## EXERCISE MATERIAL
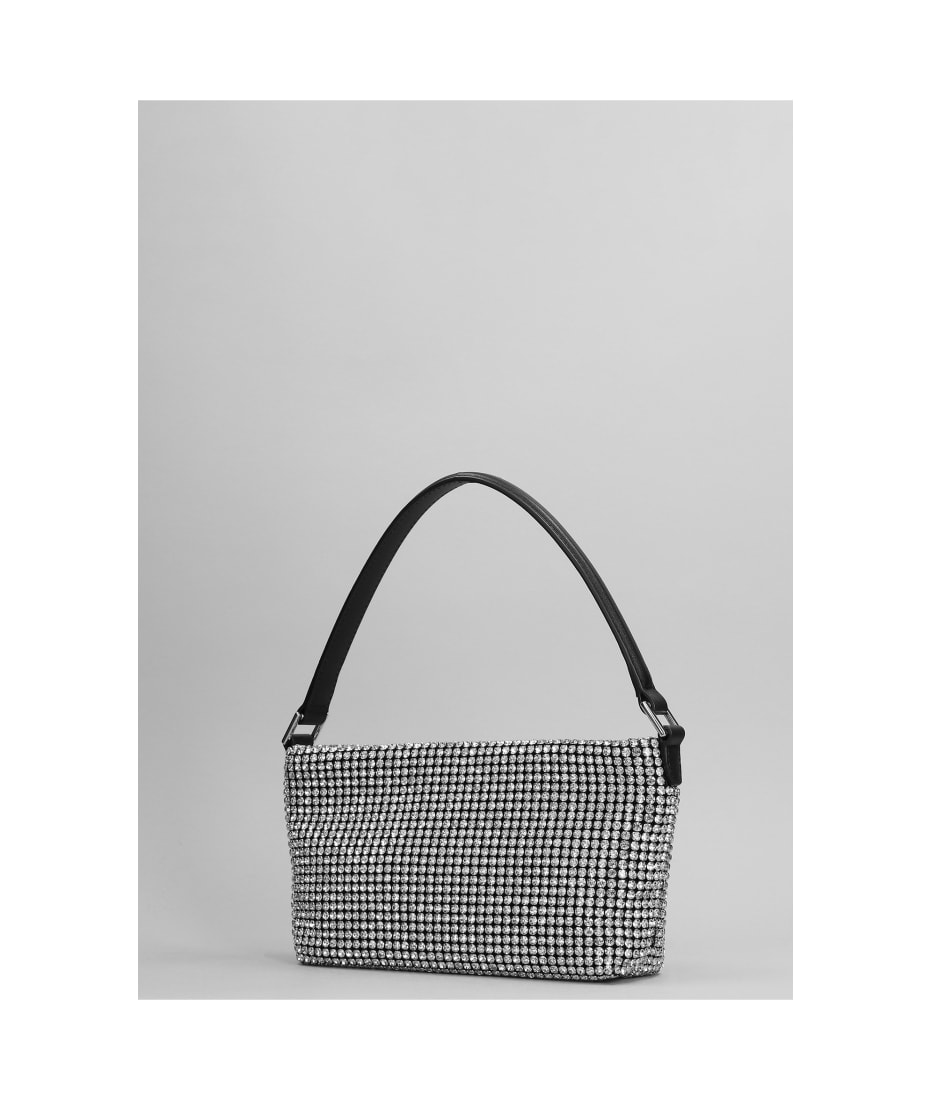 self-portrait Diamante Small Hand Bag In Silver Glass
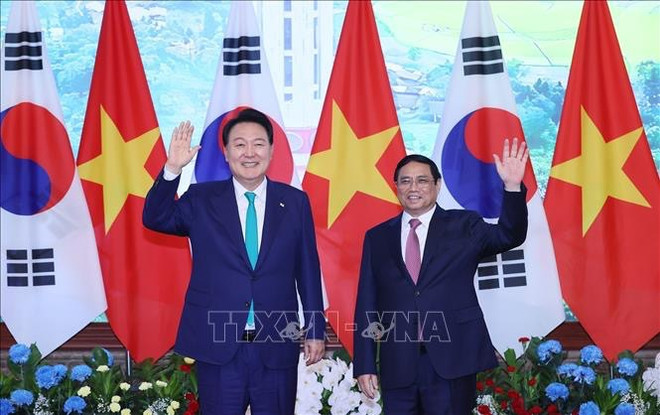 Vietnam y Corea del Sur se esfuerzan por fomentar cooperación de beneficios mutuos ảnh 1 Vietnam y Corea del Sur se esfuerzan por fomentar cooperación de beneficios mutuos ảnh 1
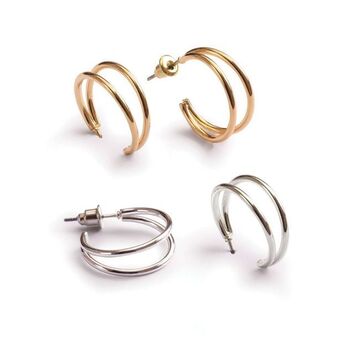 Avon Set x2 pares de aros doris oferta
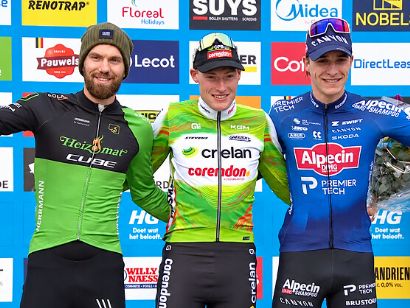 Joran Wyseure remonta desde la �ltima fila y conquista el HG Cross de Heerderstrand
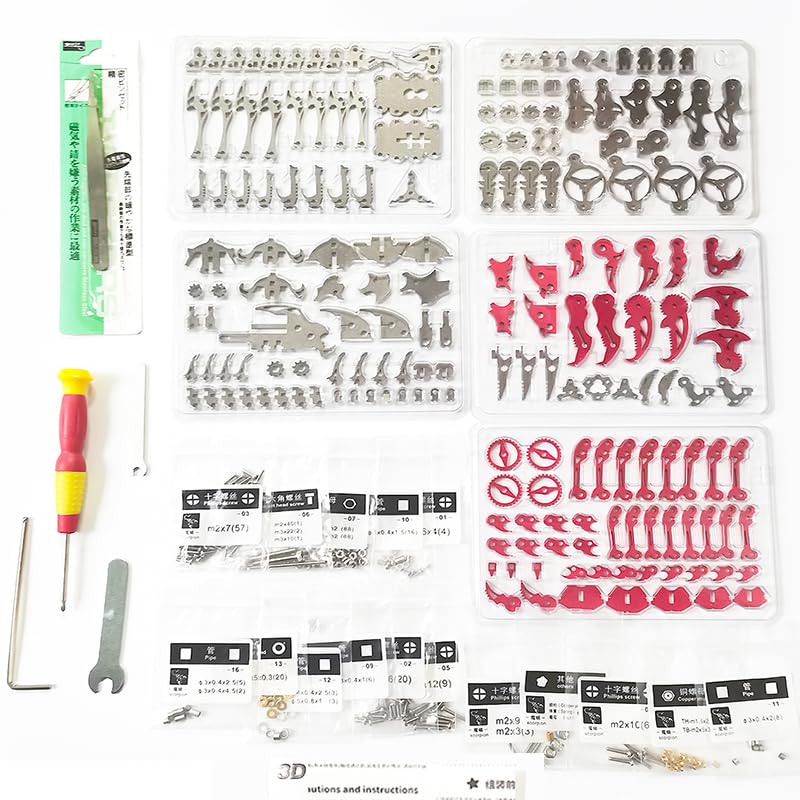 3D Puzzle Adult Steampunk Scorpion Insect Model Toy Metal Puzzle DIY Handmade Miniature Kit Stainless Steel Craft Kit Educational Toy Gift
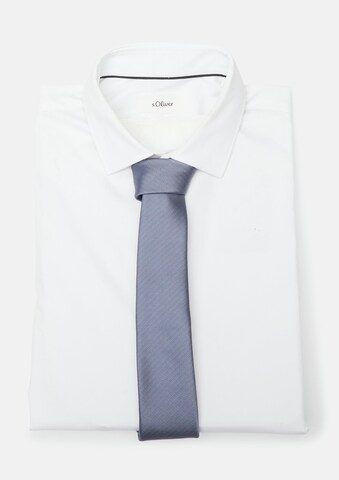 s.Oliver Tie in Blue: front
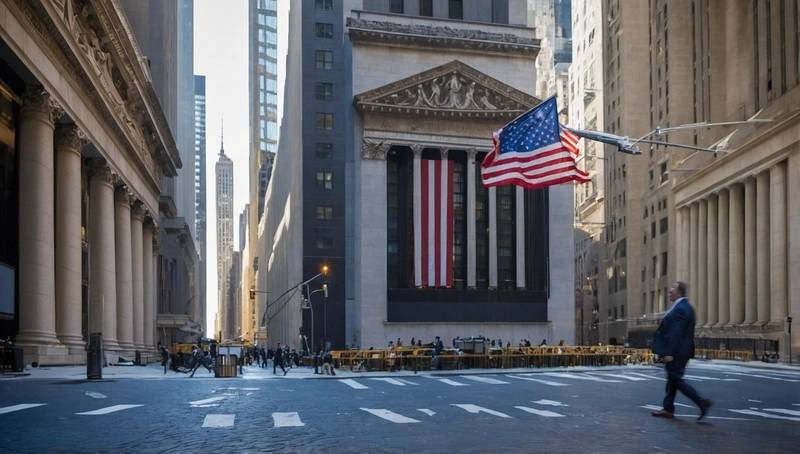 Wall Street closes mixed with European shares gaining; US yields and dollar falling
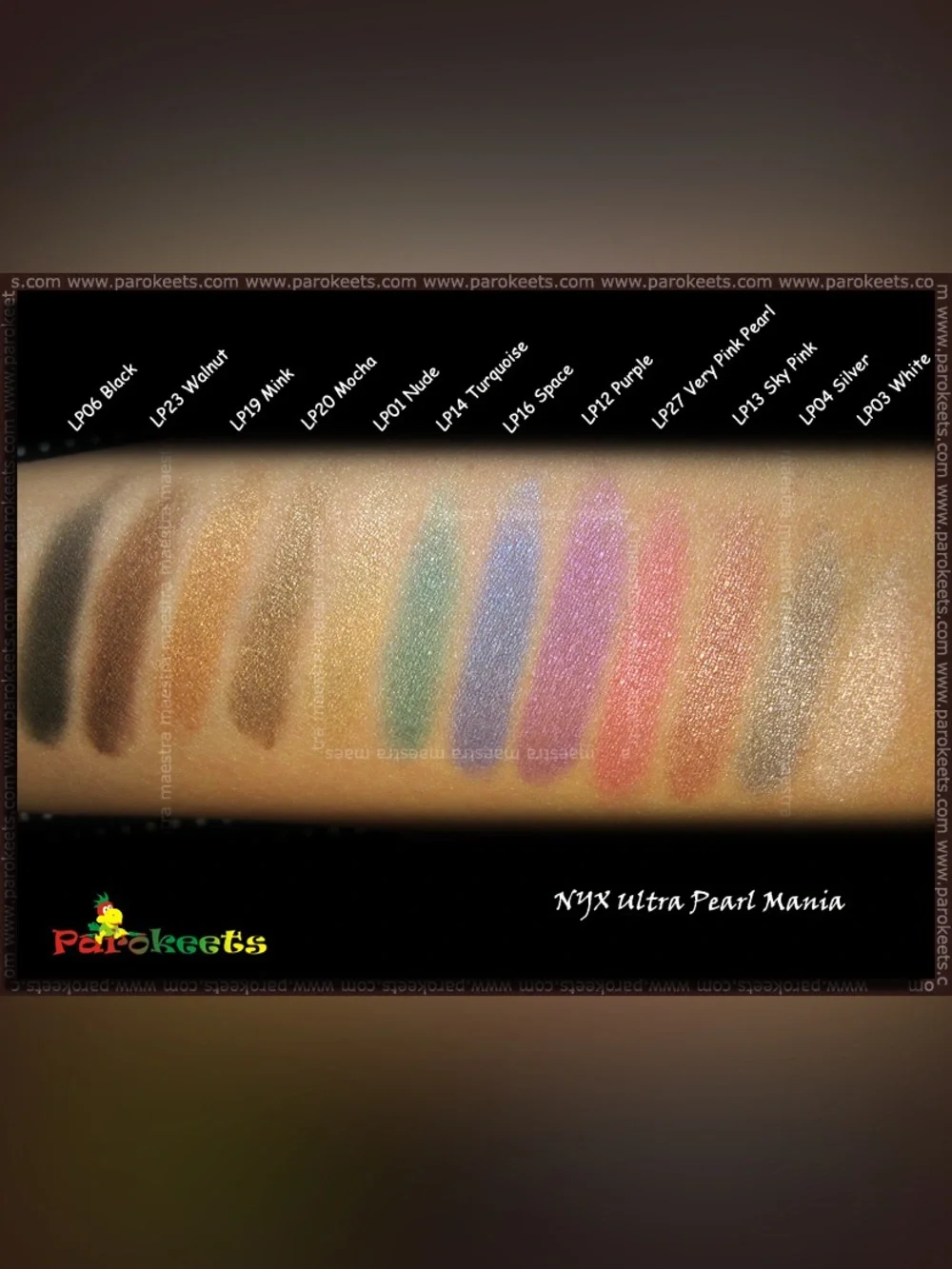 NWT NYX Ultra Pearl Mania Loose Powder Eye Shadow - Very Pink Pearl LP27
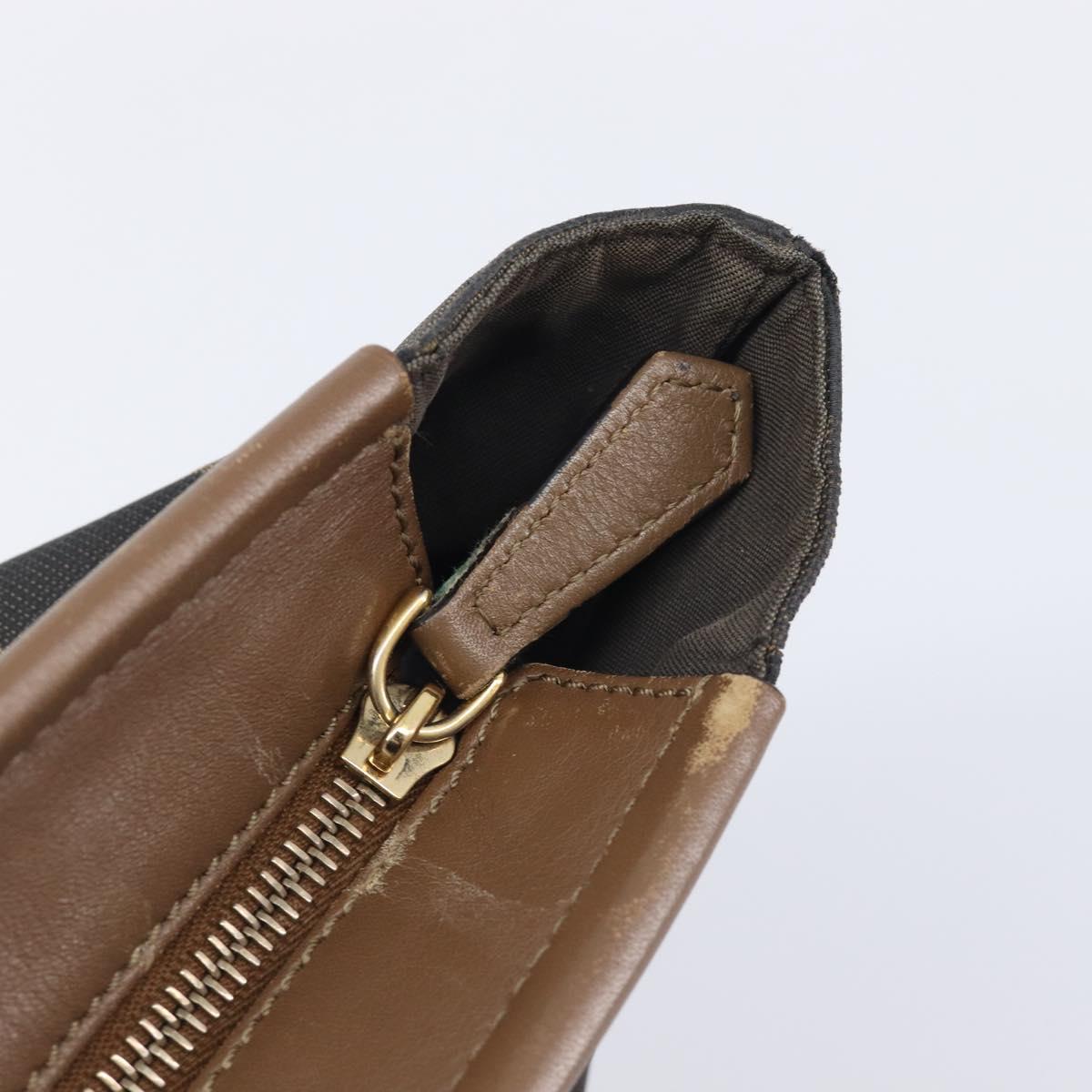 FENDI Pecan Tote Bag Canvas Brown Gold Tone 8BH185 Auth ep16995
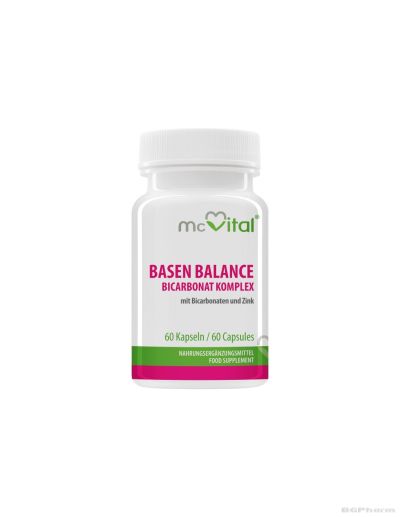 Базов баланс Бикарбонатен комплекс х 60 капсули Vitabay | McVital® Basen Balance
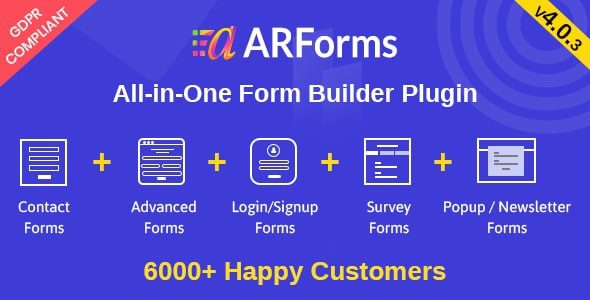 ARForms v.7.4 WordPress 表单生成器插件 + 拓展程序下载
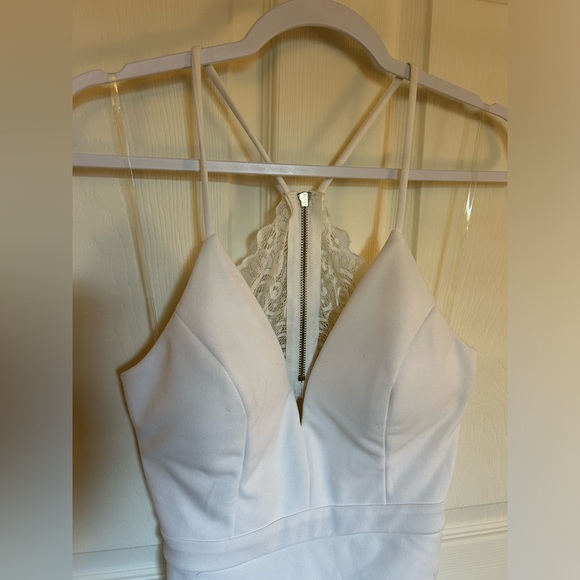 Emerald Sundae white lace back dress - Picture 2 of 5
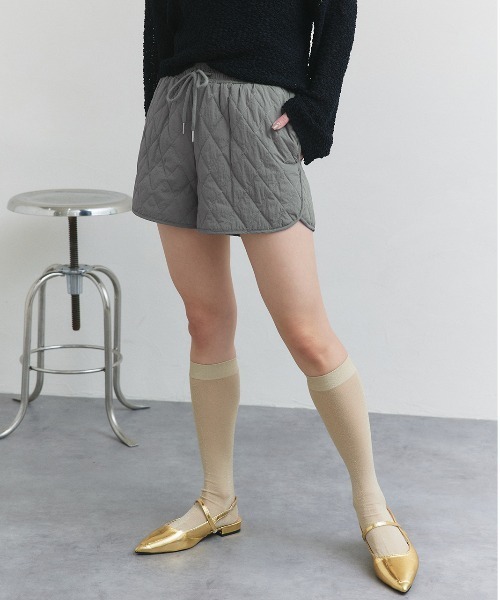 ad thie パンツ キルティング ショートパンツ レディース : ZOZOTOWN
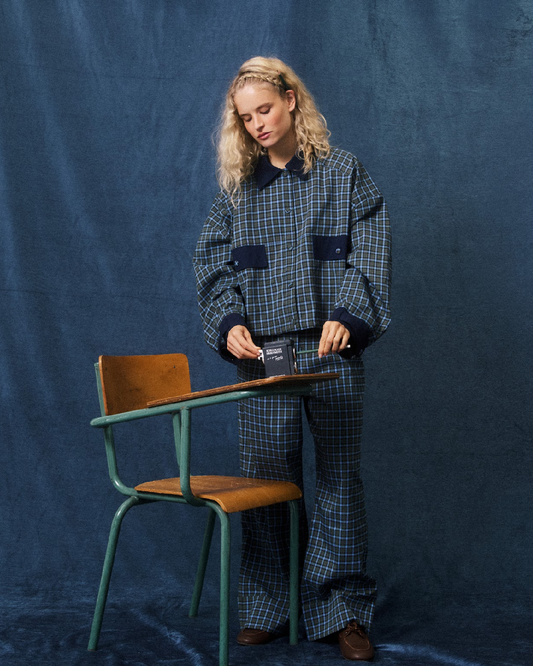 Gingham Navy Jacket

## WHAT THE TASK ASKS
With the pictures omitted, copy exactly the lines from the line that contains "ad thie パンツ キルティング ショートパンツ レディース : ZOZOTOWN" through the end of the material.

## EXERCISE SOLUTION
 ad thie パンツ キルティング ショートパンツ レディース : ZOZOTOWN
 Gingham Navy Jacket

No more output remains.